YOUR TASK:
Reproduce the whole listing below without its pictures, exactly as written.

INFORMATION SUPPLIED:
>>>>
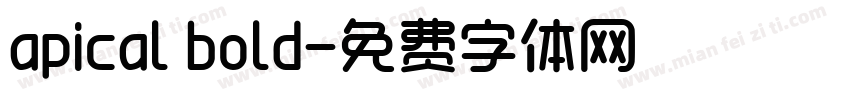 apical bold字体转换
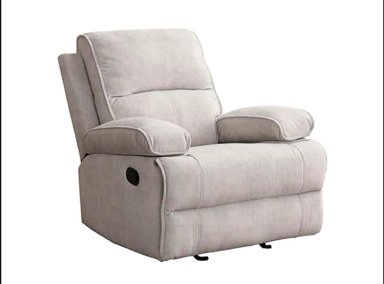 SILLÓN RECLINABLE RIPLEY HOME GLIDER CON MECEDOR BEIGE - 3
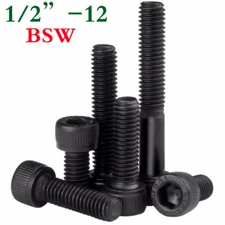 1/2"-12 BSW High Tensile 12.9 Alloy Steel Socket Head Cap Screws Allen Hex Bolts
<<<<
RESPONSE AREA:
 apical bold字体转换
 SILLÓN RECLINABLE RIPLEY HOME GLIDER CON MECEDOR BEIGE - 3
 1/2"-12 BSW High Tensile 12.9 Alloy Steel Socket Head Cap Screws Allen Hex Bolts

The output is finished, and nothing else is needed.